Sur le choc de l’invasion soviétique en Tchécoslovaquie

« 1968 a été un moment difficile mais le véritable choc affectif c’est l’écrasement du printemps de Prague en août 68. C’est l’image du socialisme, du bloc dans lequel le PCF voyait depuis le départ une perspective d’émancipation. »

« Le PCF fait ce qu’il n’avait jamais fait jusqu’alors : il condamne l’intervention alors qu’il avait approuvé la répression l’insurrection féroce de Budapest en 1956. »

« Le PCF n’a pas vu l’ambiguïté du terme normalisation. La normalisation ça peut être la normalité de la paix civile qui vaut mieux que le bain de sang de la guerre civile. Mais la normalisation c’est aussi la mise à la norme et le problème c’est que c’est la mise à la norme qui va dominer et qui va enterrer définitivement le grand rêve du printemps de Prague, ce socialisme a visage humain. »

« Le PCF ne voit pas que sa prudence diplomatique affecte sa propre image et va lui couter bien cher par la suite. »

Sur les liens entre Mai-68 et le printemps de Prague

« On sait que le mouvement de 68 a été un mouvement planétaire. C’est le seul véritable mouvement planétaire qu’on ait pu connaitre depuis la vague révolutionnaire de 1917. »

« Le caractère planétaire du mouvement dit qu’on est face à des questions de sens nouvelles, et c’est cela qui piège le PCF (…) car il ne voit pas l’émergence des questions nouvelles. »
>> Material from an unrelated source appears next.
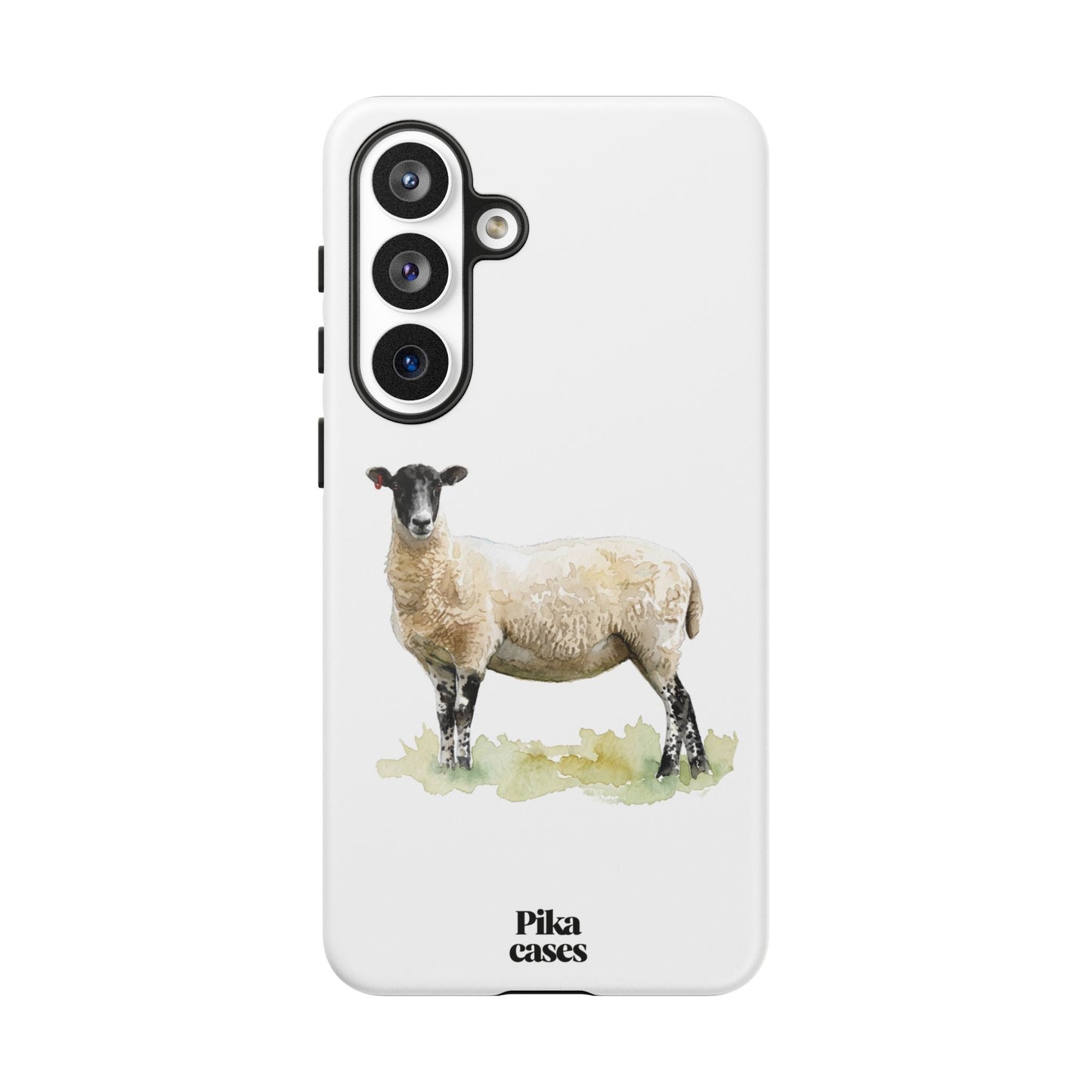 Mule Ewe Sheep Phone Case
« Cette cécité va se prolonger dans les années qui vont suivre quand il va regarder avec distance le féminisme, l’autogestion, l’écologie politique. »

Sur ce qui a échappé au PCF

« Le PCF n’a pas été le seul à passer à côté du mouvement. Le gauchisme, qui est l’obsession du PCF au début de 68, ne réussit pas plus. »

« En vivant sur le souvenir d’octobre 1917, le gauchisme passe à côté de l’essentiel de 68. »

« Le paradoxe c’est que la force qui tire le bénéfice de 1968, c’est la social-démocratie relancée en 1971 par Mitterrand qui intègre l’esprit de 68. »

« La force du communisme en France c’est de ne pas être seulement un parti. Le communisme, c’est en réalité une galaxie d’organisations, avec du syndical, de l’associatif et du culturel. »

« Le Parti communiste a manqué un certain nombre de trains qui passent, en particulier celui de 68 et de ce qui va suivre, ce qu’on a appelé les nouveaux mouvements sociaux, il perd la main. Il perd sa galaxie. »

Sur le PCF aujourd’hui

« Le PCF s’est rabougri, s’est appauvri et a laissé la main à d’autres. »

« C’est aux militants communistes de dire s’ils veulent persister dans une solitude déclinante ou s’ils veulent s’insérer dans une construction beaucoup plus ambitieuse dans laquelle je continue à penser qu’ils ont leur place à côté de beaucoup d’autres. »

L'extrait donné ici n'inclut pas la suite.